Nous l’avons vu dans des publications précédentes : pour intéresser vos lecteurs, votre héros doit formuler sans ambiguïté un objectif à atteindre. Faust s’écrit « Je veux la jeunesse » et Ulysse exprime sa volonté de retourner dans sa patrie. Mais si la formulation lance l’action, elle la clôt aussi.
Les comédies romantiques perdent tout leur sel lorsque les protagonistes qui n’avaient cessé de se fuir finissent dans les bras l’un de l’autre. L’objectif est atteint, la vie continue mais l’histoire s’arrête.

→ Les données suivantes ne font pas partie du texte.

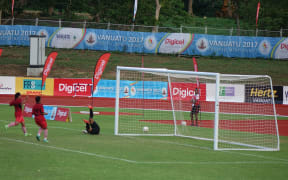 Tongan captain Penateti Feke scores against the Solomons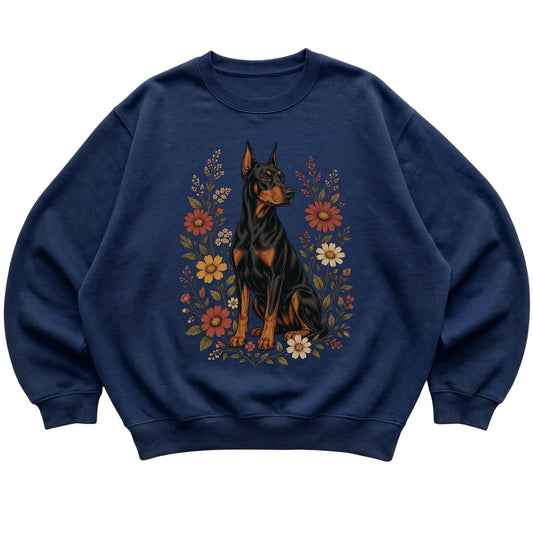 Navy crewneck sweatshirt with Doberman portrait and wildflowers, flat lay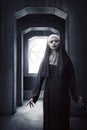 Asian woman dressed in evil nun standing Royalty Free Stock Photo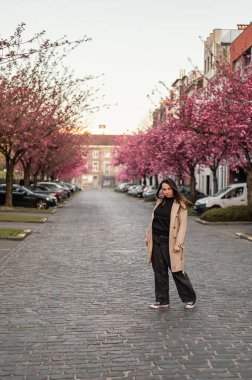 Belçika, Gent 'te bir kaldırım taşı caddesinde çiçek açan kiraz ağaçlarının altında bej ceketli bir kadının büyüleyici bir sahnesi. Yumuşak pembe yapraklar rüya gibi bir bahar havası yaratır..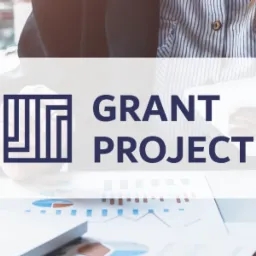 Kobieta w koszuli w paski trzyma tablet nad stołem z laptopem i wykresami kołowymi, logo Grant Project na pierwszym planie.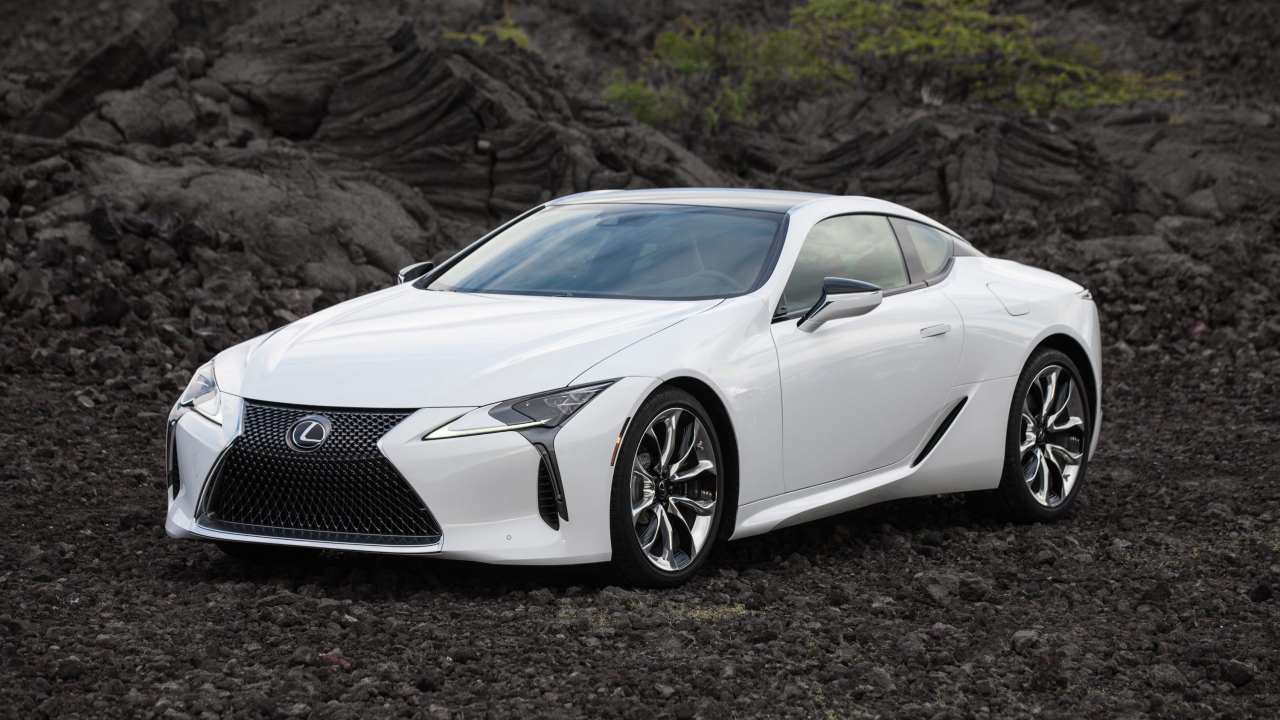 White Lexus LC coupe parked on volcanic landscape, front three-quarter view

Dans Quand Harry rencontre Sally, l’objectif pour nos deux héros n’est pas de coucher ensemble, mais que Harry qu’ils s’avouent amoureux. Aussi l’histoire peut elle continuer lorsque les protagonistes passent une nuits tous les deux. Mais pas lorsque Harry fait sa déclaration.
Thérèse Raquin
Un cas particulièrement intéressant est celui de Thérèse Raquin, un roman écrit par Zola en 1867. Si vous ne l’avez pas lu, attention ce qui va suivre dévoile l’intrigue.
Thérèse a pris l’habitude depuis l’enfance de taire ses goûts et des dégoûts en affichant une apparente placidité. Élevée par sa tante aux côtés de son cousin Camille, chétif et malade, elle finit par l’épouser. Le couple et la tante partent à Paris, s’installent dans une boutique mais Thérèse se sent vite prisonnière de cette vie triste et monotone… jusqu’au jour où elle tombe amoureuse de Laurent, dont le physique et la manières la font frémir. La passion violente qui naît entre eux les pousse à se débarrasser de Camille. Leur objectif : se marier et vivre au grand jour leur passion.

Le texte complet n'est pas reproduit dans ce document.